None of the Multidimensional and Tabular semantic models I’ve implemented required scaling out, but I understand that some scenarios might benefit from it, such as B2B or B2C reporting. Depends on the implementation approach, another benefit could be implementing a highly available farm. Implementing a scaled-out, on-premises SSAS farm is not easy. There are different techniques but all of them involve a compromise between availability and latency. Azure Analysis Services sought to make this easier. It’s as easy as changing a slider and AAS synchronizes everything somehow, right? Wrong. Here are the high-level notes of how AAS synchronization works:

  1. As a part of configuring synchronization, you can specify a designated processing node. If you do specify a processing node, processing takes place on that node only and the updated cache is distributed to the query nodes. If you don’t specify a processing node, one of the query nodes handles both processing and querying. The node that handles processing is referred to as a primary node.
  2. AAS synchronization is not automatic. You’re responsible to initiate the synchronization step, either manually from the Azure portal or automated by using Sync-AzureAnalysisServicesInstance from PowerShell, or using the REST API for Azure AS. This means that every time you process the model, you’d need to use one of these mechanisms to sync the model with the query nodes.
  3. When the sync command is initiated, AAS copies the entire AS database from the primary node to blob storage. That’s because the primary (read/write) node is on a different copy than the query nodes so that it can be updated without effecting end-user queries. The file copy happens inside the blob storage (no network traffic is involved). Additional details about the file copy process:
    1. Multi-threaded (unlike the SSAS sync wizard)
    2. Hydrates multiple replicas from a single data folder
    3. The data folder is striped for better I/O
  4. Once the updated database (all files) are copied to the blob storage, the query nodes detach the old copy and attach to the new one.
  5. AAS waits until the model is fully loaded into memory and available for queries before making the copy (replica) online.

How fast is the sync process? We measured with a 50 GB database and it took 20 minutes for the sync process to complete. I guess most time was spent in the last step. So, as it stands, AAS synchronization is more suitable for predictable processing windows, such as in the “classic” case where ETL processes and synchronizes the model once per day, outside working hours.
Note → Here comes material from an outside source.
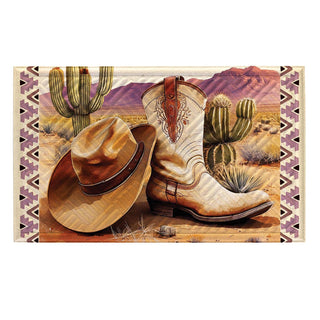 Cowboy hat and boots with a desert landscape background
It might not work well for real-time solutions, where new data might arrive throughout the day and business requirements call for minimum latency because you might not have enough time for the file copy to complete.

Another gotcha that we ran into was that there seems to be an issue with the metrics reporting and a scale-out farm. During load testing we saw that the average QPU of a two-node farm (S4 performance tier with max QPU of 400) showed saturation at 200 average QPU. It looks like the Azure portal collects 400 from each node and then divides by the number of nodes. We raised the issue to Microsoft and probably it will addressed soon.

Scaling out is not about reducing query times. It’s about handling more load when scaling up doesn’t go enough. When you scale out to a two-node farm, you’re still limited by the resource constraints (memory, CPU) of each node. Unless you are after a highly available BI solution, scaling out should be your last option. Time spent in optimizing your model design, data storage, and queries is usually much more productive than taking the easy way out and throwing more hardware (and money).

This blog explained how AAS synchronization works. I hope Microsoft will offer more options in future to make it more useful. A welcome enhancement would be the ability to configure an automatic and less granular synchronization, such as to copy only the files that have changed.